The high amount of clients might be caused by idle clients, which are for some reason never closed (found in a blog post by heroku):

By default, Redis will never close idle connections, which means that if you don't close your Redis connections explicitly, you will lock yourself out of your instance.

To ensure this doesn't happen, Heroku Redis sets a default connection timeout of 300 seconds. This timeout doesn’t apply to non-publish/subscribe clients, and other blocking operations.

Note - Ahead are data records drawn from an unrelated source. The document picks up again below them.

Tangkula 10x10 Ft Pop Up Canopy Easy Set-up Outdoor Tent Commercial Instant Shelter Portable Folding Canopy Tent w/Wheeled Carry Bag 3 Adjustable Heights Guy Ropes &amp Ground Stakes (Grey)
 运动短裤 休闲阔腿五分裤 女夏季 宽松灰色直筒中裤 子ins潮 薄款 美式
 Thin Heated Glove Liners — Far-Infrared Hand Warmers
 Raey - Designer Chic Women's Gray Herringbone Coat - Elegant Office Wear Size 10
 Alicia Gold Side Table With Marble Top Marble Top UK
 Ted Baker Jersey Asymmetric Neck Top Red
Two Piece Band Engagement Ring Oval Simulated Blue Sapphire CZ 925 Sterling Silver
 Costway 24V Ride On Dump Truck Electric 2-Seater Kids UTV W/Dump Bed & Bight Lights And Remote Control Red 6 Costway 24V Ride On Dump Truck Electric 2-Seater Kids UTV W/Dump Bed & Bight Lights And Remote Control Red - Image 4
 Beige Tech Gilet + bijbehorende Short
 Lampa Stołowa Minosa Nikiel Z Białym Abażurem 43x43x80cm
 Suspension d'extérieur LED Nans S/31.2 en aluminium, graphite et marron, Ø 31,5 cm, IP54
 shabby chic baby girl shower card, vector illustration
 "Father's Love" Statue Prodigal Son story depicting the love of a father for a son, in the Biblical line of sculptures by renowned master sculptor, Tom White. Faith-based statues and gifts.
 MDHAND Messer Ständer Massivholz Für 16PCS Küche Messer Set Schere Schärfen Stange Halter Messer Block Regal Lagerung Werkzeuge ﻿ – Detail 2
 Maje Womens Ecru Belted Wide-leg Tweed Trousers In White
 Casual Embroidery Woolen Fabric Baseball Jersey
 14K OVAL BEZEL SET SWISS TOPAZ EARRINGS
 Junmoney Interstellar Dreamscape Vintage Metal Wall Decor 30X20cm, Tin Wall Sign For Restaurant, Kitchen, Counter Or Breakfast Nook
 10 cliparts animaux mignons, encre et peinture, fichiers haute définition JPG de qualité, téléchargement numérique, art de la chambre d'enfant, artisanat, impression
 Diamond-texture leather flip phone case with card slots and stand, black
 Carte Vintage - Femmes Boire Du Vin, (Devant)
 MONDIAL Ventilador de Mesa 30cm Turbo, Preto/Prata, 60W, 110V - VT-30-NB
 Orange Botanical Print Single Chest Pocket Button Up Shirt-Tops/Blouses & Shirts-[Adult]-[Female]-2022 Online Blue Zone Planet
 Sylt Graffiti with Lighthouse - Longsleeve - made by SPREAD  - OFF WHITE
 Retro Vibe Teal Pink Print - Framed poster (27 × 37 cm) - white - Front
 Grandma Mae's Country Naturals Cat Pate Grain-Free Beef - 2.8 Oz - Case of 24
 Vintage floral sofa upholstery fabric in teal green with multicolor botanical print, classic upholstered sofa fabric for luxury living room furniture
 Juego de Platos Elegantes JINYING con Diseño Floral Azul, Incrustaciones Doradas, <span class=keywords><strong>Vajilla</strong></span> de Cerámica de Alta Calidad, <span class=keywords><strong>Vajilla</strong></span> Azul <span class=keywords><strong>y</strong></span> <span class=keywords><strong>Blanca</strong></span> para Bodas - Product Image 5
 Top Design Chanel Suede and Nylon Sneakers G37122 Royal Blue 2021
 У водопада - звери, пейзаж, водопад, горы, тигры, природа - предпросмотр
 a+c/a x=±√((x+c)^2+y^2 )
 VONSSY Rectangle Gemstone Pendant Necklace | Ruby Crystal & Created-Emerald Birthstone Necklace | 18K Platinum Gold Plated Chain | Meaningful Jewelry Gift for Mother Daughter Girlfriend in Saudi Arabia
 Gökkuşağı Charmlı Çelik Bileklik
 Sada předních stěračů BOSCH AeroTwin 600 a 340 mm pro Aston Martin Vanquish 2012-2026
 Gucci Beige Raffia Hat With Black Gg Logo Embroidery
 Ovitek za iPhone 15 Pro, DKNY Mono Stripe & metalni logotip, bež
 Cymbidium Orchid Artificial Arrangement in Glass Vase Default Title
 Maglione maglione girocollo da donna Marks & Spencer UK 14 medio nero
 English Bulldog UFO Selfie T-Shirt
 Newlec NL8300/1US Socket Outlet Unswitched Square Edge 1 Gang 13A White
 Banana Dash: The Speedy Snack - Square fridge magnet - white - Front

I added now a kill function for idle clients right before EVERY one of my tasks:

def kill_idle_clients():
    if 'DYNO' in os.environ:
        redis_db = redis.StrictRedis(host='HOST', port=15249, password='REDISDBPW')
    else:
        redis_db = redis.StrictRedis()

    all_clients = redis_db.client_list()
    counter = 0
    for client in all_clients:
        if int(client['idle']) >= 15:
            redis_db.client_kill(client['addr'])
            counter += 1

    print ('killing idle clients:', counter)

Before a task starts it closes all clients, which idle more than 15 sec. It works again on localhost (but no surprise, it always worked on localhost). I have less clients, but on heroku it worked now only 2 times of 10. 8 times the tasks finished too early again. Maybe the idle clients were not really idle, I have no clue.

Its also almost impossible to test, as every execution of the tasks has a different outcome (Loses connection to redis, reached client limit, finishes too early, works perfect).

EDIT

It seems celery settings were ignored all the time. I was suspicious about this all the time and decided to test it by adding some random arguments and changing values to non-sense. I restarted the celery worker ofc.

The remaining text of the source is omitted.